A list of 95 banned books by Moslem authors has been compiled in Russia
The other day, the Coordinating council of the North Caucasus muftis, presided by Ingushetia Mufti Muhammad Albogachiyev, wrote an address to Russian President Vladimir Putin. This is a request to provide the government with “reliable information about Islam.” The leaders of the Moslem group say that “otherwise, the leadership, military structures, society will have to spend much more on security than is currently spent for the prevention of pseudo-religious extremism.”
The Russian newspaper Vremya Novostei reports that the muftis suggest an initial measure: they say it would be reasonable to demonstrate David Lynch’s The Straight Story film, which about the popular English show-man Cat Stevens. Stevens adopted Islam in 1979, but at that, he resisted its extremist manifestations.

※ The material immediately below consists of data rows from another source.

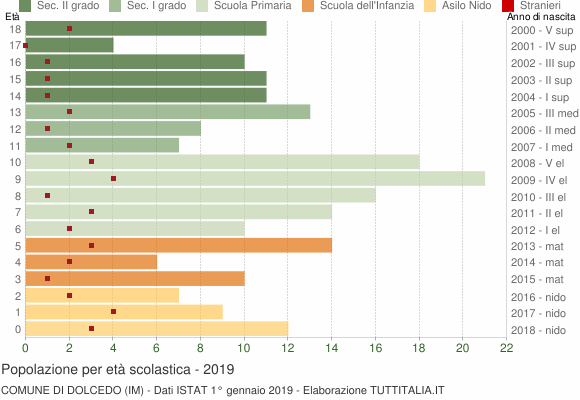 Grafico Popolazione in età scolastica - Dolcedo 2019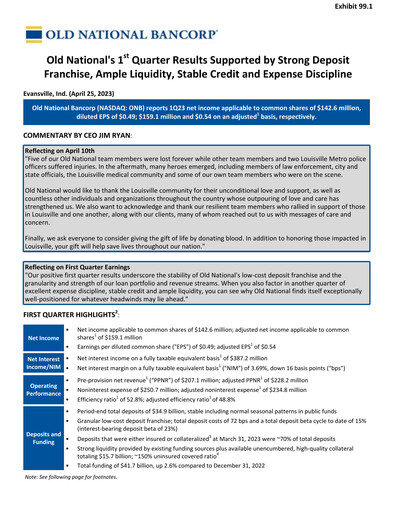 Thumbnail Old National Bank
 Quarterly Report 2023-q1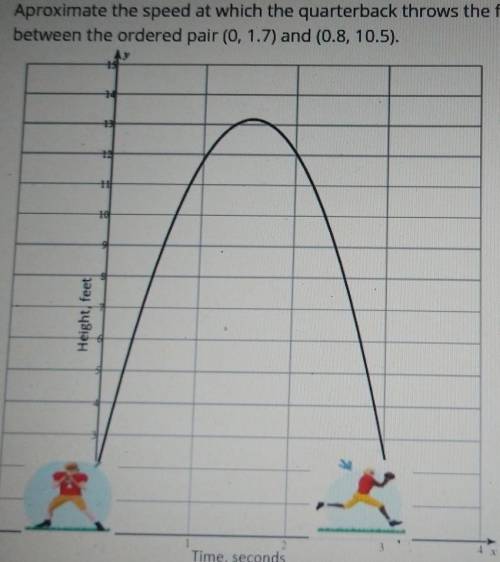 Aproximate the speed at which the quarterback throws the football by calculating the average rate o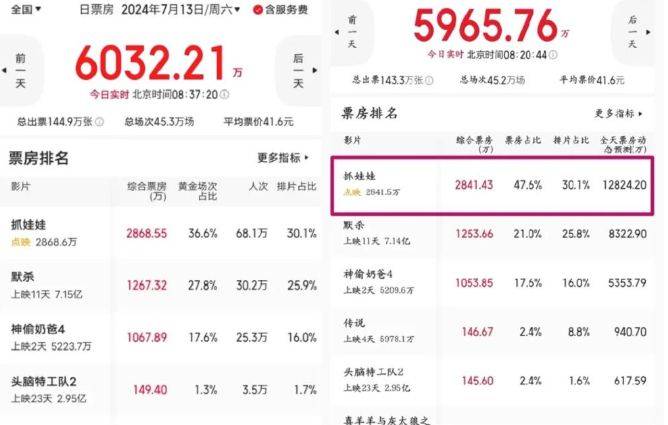 沈腾马丽新片《抓娃娃》爆火，却被骂上热搜？原因让人意想不到！-沈腾马丽搞笑电影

Last week deputies of the Tatarstan State Council also addressed Russia’s leadership. At a regular session of the Tatarstan State Council, the deputies compiled an address to the leadership of Russia in connection with the RF Education Ministry’s recommendation for the introduction of Orthodox Culture into school curriculum. The Tatarstan deputies say that “study of only the Orthodox Culture won’t make for the protection and development of national cultures; moreover, this contradicts the federal law “On education,” which states that the educational policy of the government is to provide a temporal nature of education in the country.
Here is an extract from the text of the address. “If the subject of Orthodox Culture is introduced into the school curriculum as one of the basic subjects in our multi-religion and multi-national state, it may seriously destabilize society and aggravate relations between the ethnic nations.” The upbringing of children must be oriented on culture and done optionally, so that the interests of all members of the multi-religious state are taken into consideration at that. Russian Orthodox society informs that the RF Education Ministry doesn’t suppose that Orthodox culture be obligatory for all Russian schools.
At that, the Religious Moslem Department of Russia’s Sverdlovsk region is alarmed at the increasing amount of extremist literature. Mufti Khazrat of the Yekaterinburg mosque says that extremist literature is available practically at any store specializing in this type of books.
The mufti says that a list of 95 books by Moslem authors prohibited for sale and reading has been compiled in Russia. The list was officially approved of at a plenum of the Central Religious Moslem department of Russia and CIS countries in February. The list includes such authors as M. Bagauddin, M. Ashkari, H. Murad, S. Sadlyan, F. Yakan, and others. The list of banned books was officially circulated between all religious departments and mosques in the Sverdlovsk region and in Russia on the whole.
Nevertheless, several banned books were discovered in a shop near a local mosque in the city of Krasnoufimsk during a raid held by the regional religious department. Unfortunately, this is was not an isolated instance.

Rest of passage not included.